* _WHAT IS EXPECTED_
All the lines below should be set down exactly, with no picture carried into the copy.

* _DATASET EXTRACT_
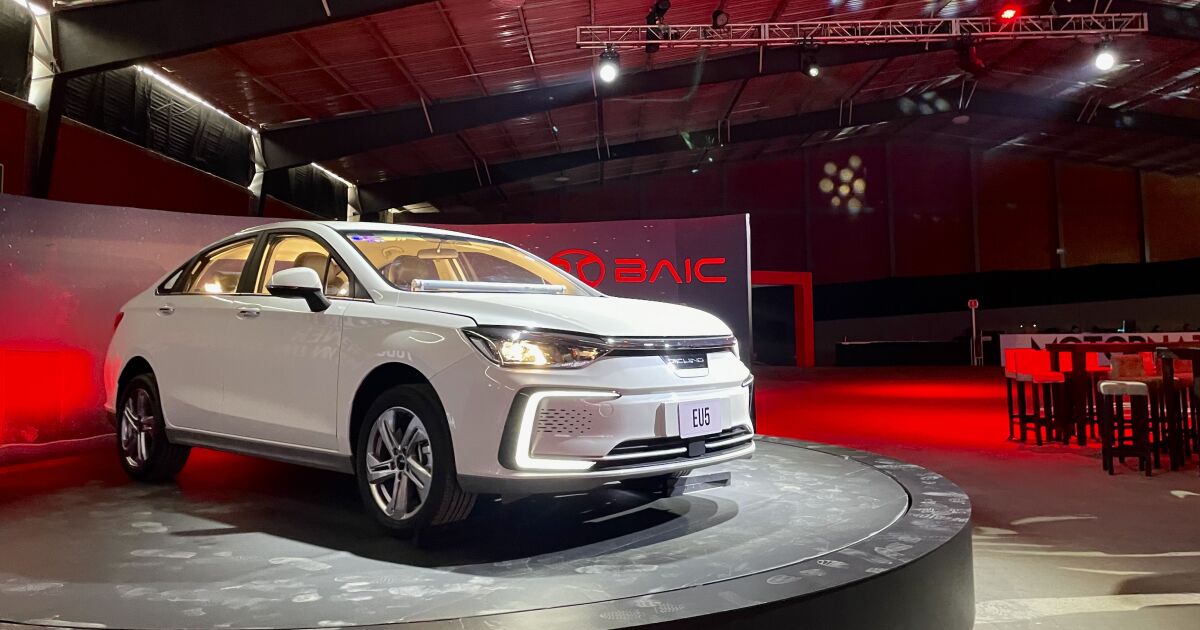 BAIC, Meksika'daki 'lansman kuraklığını' U5 sedanın piyasaya sürülmesiyle kırdı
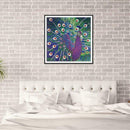 5D DIY Special Shaped Diamond Painting Peafowl Embroidery Mosaic Craft Kits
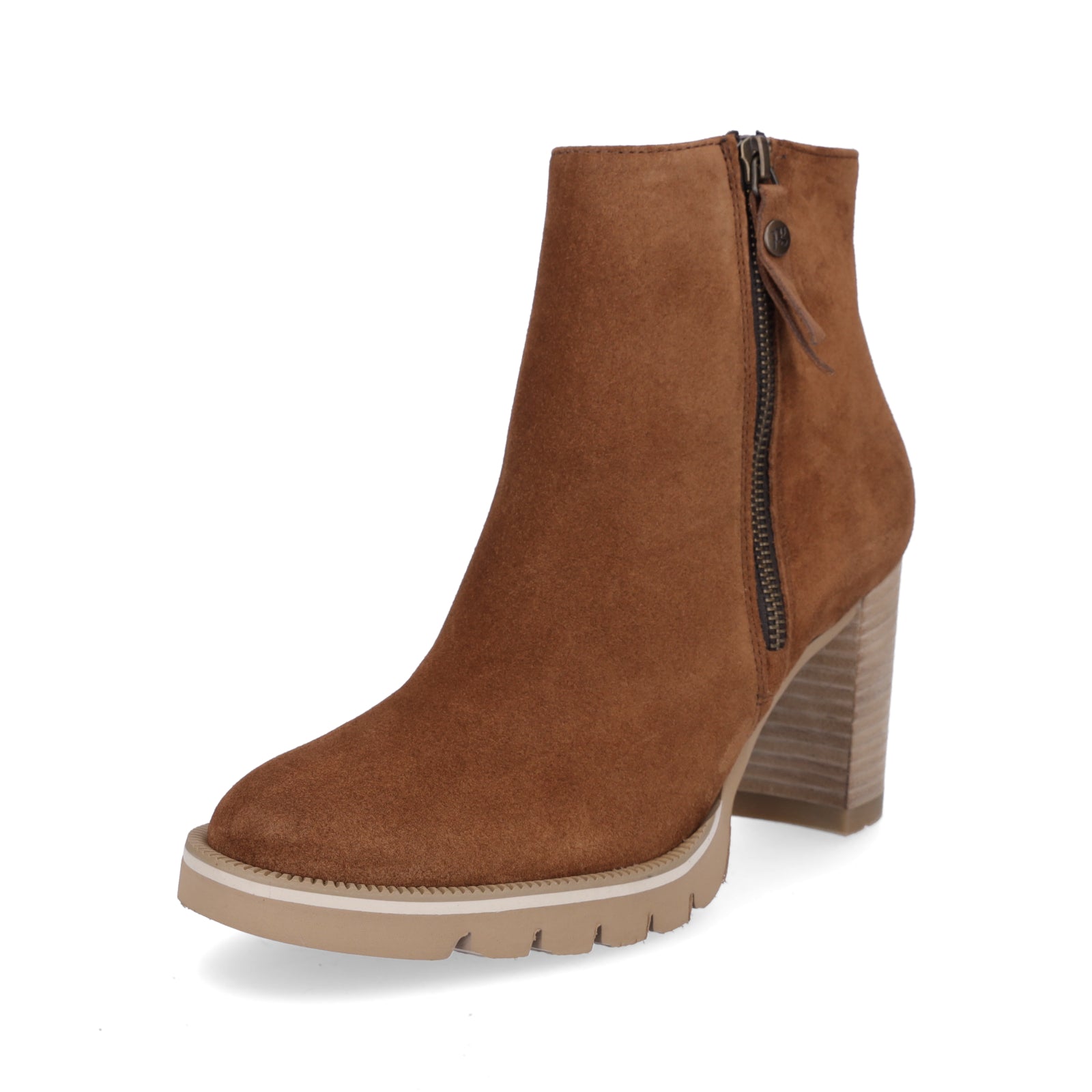 Paul Green Damen Stiefelette toffee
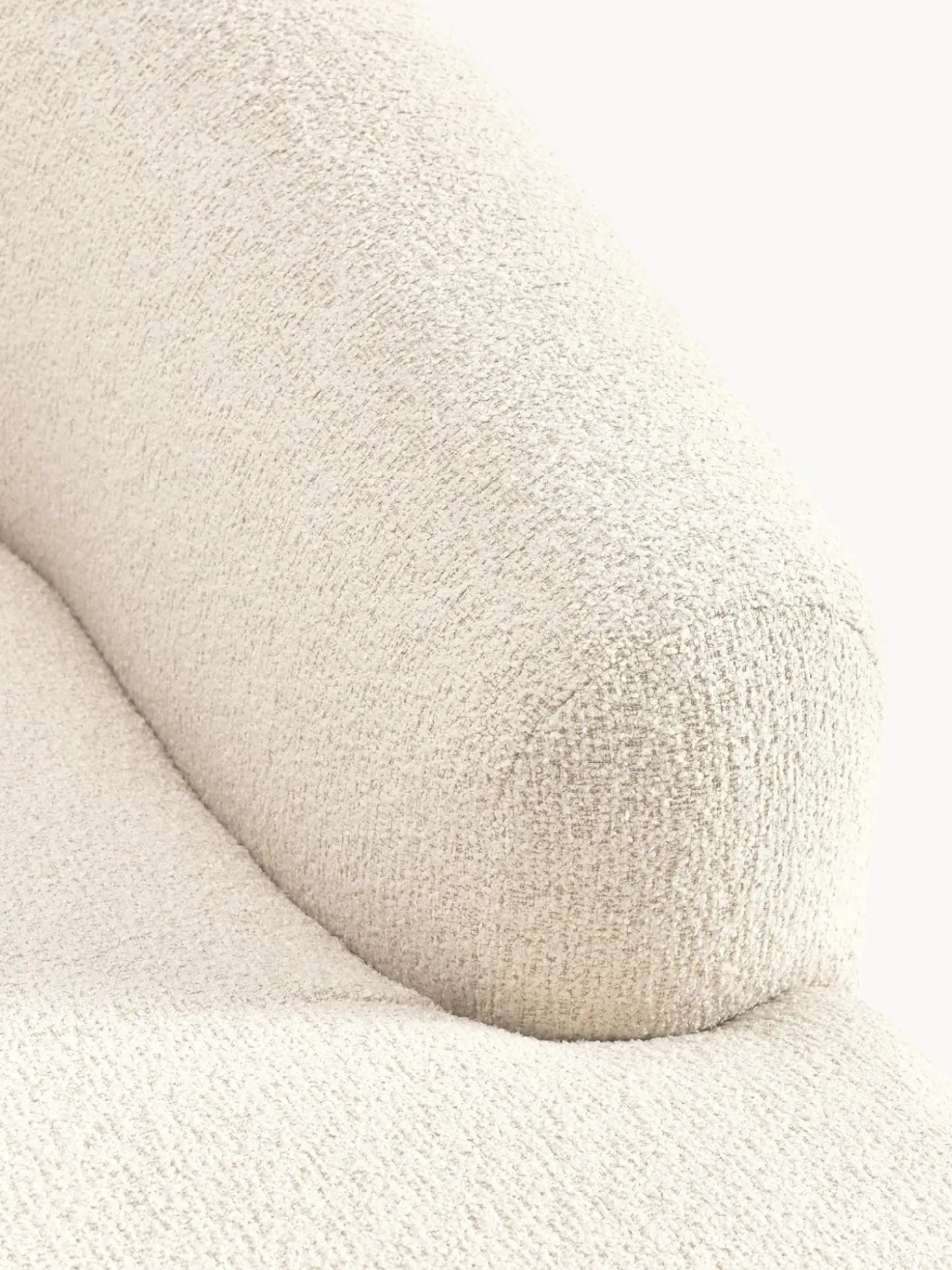 Modulo Divan En Tejido Boucle Sofa Sofia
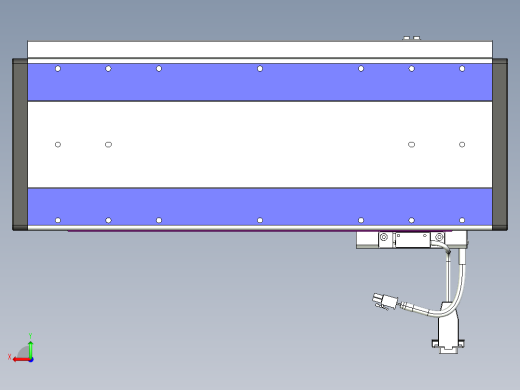 威洛博VL系列3d模型模组VL17E1Y-S300后视缩略图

* _RESPONSE BELOW_
 BAIC, Meksika'daki 'lansman kuraklığını' U5 sedanın piyasaya sürülmesiyle kırdı
 5D DIY Special Shaped Diamond Painting Peafowl Embroidery Mosaic Craft Kits
 Paul Green Damen Stiefelette toffee
 Modulo Divan En Tejido Boucle Sofa Sofia
 威洛博VL系列3d模型模组VL17E1Y-S300后视缩略图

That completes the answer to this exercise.